Destinations and pathways: An example is provided through the case of a young mother whose participation in the program enabled her to complete Year 12, gain part time employment at an architectural firm, and apply for, and receive an offer, to study architecture at University.
Engagement and participation in their learning: Student enrolments increased from 14 in 2005 to 148 in 2012. 86% of students reported that they would not be attending school now if it wasn’t for the program and 100% are positive about their future education (2010). Substantial engagement in academic and social support programs remained, on average, at 80% from 2005-2010.
Health and well-being: 79 family groups saw the nurse and 100% of students rated the health care information they received from the Nurse as either helpful for themselves, their children or both (2010). 100% of students rated the information and support they were given to help with childbirth, childcare and child health, parenting skills and managing a home as useful/very useful (2010).

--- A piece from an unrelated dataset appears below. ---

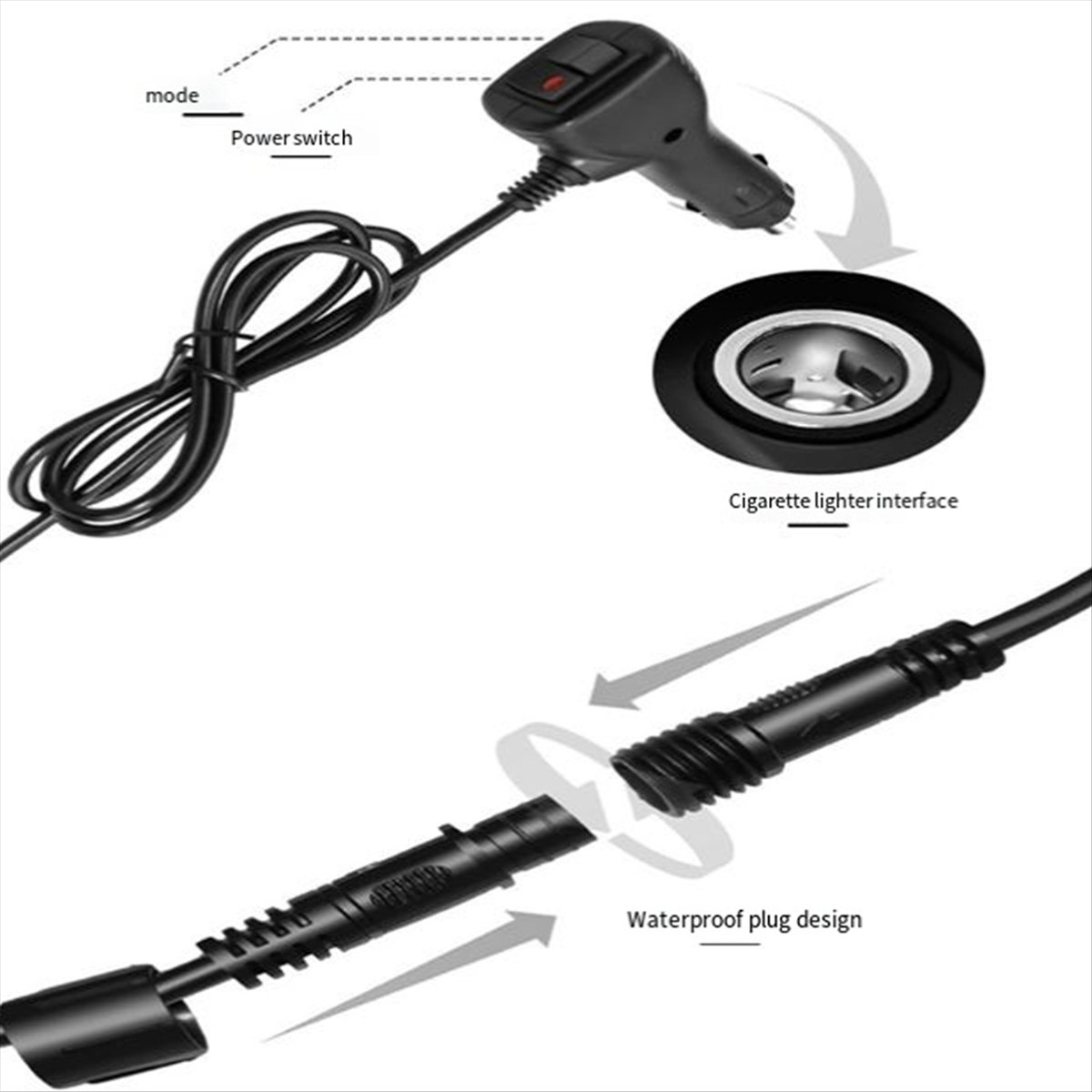 *X07A 60 Zoll Heckklappen-Blit – Led Strip Lights Bewertung und Preis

Productive Partnerships: 86% of students rated the links to government and community agencies as important/very important in providing them and their children with help.
External recognition: Recipient of the $750 000 Inaugural NAB Schools First National Impact Award (2009) and an Excellence in School Improvement Australian Government Award for Quality School (2008).
Wider influence: The program supported the development of The Australian Young Pregnant and Parenting Network (AYPPN).
Why this program is successful
Students identify the staff, a supportive non-judgemental environment, individual learning plans, and provision of childcare and transport as important in meeting their learning needs and facilitating their participation. Staff emphasises the one stop shop of health and education service and collaboration with a range of community and training organisations.
Sources of information
Canberra College (2013) school website (accessed 25.02.2013).
Clayden, P. (2010) Using the power of partnership to address important educational and social welfare needs. Schools First Conference, 19 March.
Gallagher, K. (2012) ACT Labor to invest more to make sure young parents get an even better education. Katy Gallagher ACT Chief Minister Blog, weblog, 7 August 2012.
Hay, I. (2010) Supporting pregnant and parenting young people to continue with education – critical factors for success. Canberra (ACT): University of Canberra.
ACT Government (2011) Models of Transition. An examination of three initiatives working with people with multiple and complex needs at transition points. December 2011. Prepared by the Social Policy and Implementation Branch. Chief Minister and Cabinet Directorate. ACT Government.
The Australian (2010) Media Article: Ensuring pregnancy is just a pause for teens.
Please note, where possible and appropriate, we have adopted the language and terminology used by the program sources (italic fonts) and referred to the most recent publicly available information.
This vignette was developed in 2013 by The Victoria Institute for Education, Diversity and Lifelong Learning (part of the Australian Government’s Collaborative Research Network) for the project Putting the jigsaw together: innovative learning engagement programs in Australia and supported by the Ian Potter Foundation.